Bisnis.com, JAKARTA — Pelaku bisnis pariwista harus mengambil peran aktif dalam antisipasi dan penanggulangan bencana demi mewujudkan industri pariwisata yang berkelanjutan.
Industri pariwisata diakui memberikan total nilai devisa nasional hingga Rp190 triliun pada tahun lalu. Jumlah ini menempatkan pariwisata pada posisi kedua setelah penerimaan devisa hasil ekspor kelapa sawit, yang mencapai Rp 239 triliun.
Namun demikian, industri yang mungkin terimbas peristiwa alam itu masih dapat terus dikembangkan mengingat keindahan wilayah nusantara yang luar biasa.

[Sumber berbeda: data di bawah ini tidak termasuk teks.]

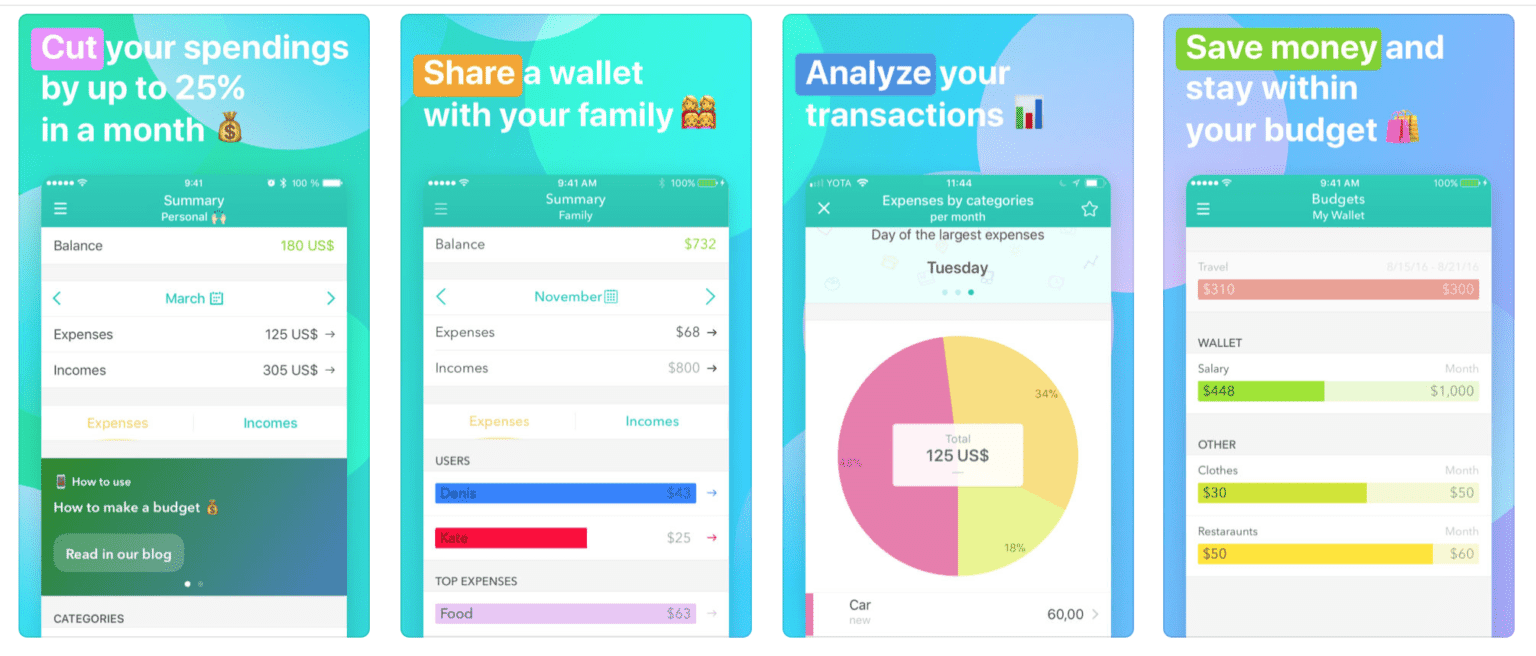 Moneon Testsieger - Haushaltsbuch App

Kepala Badan Nasional Penanggulangan Bencana (BNPB) Doni Monardo mengatakan bahwa pariwisata ini merupakan lokomotif pertumbuhan ekonomi nasional.
Indonesia juga kawasan rawan terhadap potensi bahaya karena memiliki 500 gunung api, dengan 127 di antaranya merupakan gunung api aktif. Belum lagi, siklus gempa yang memiliki periode berbeda tetapi tidak dapat diprediksi secara tepat waktu kejadiannya seperti yang pernah terjadi di Aceh, Jakarta, serta Palu.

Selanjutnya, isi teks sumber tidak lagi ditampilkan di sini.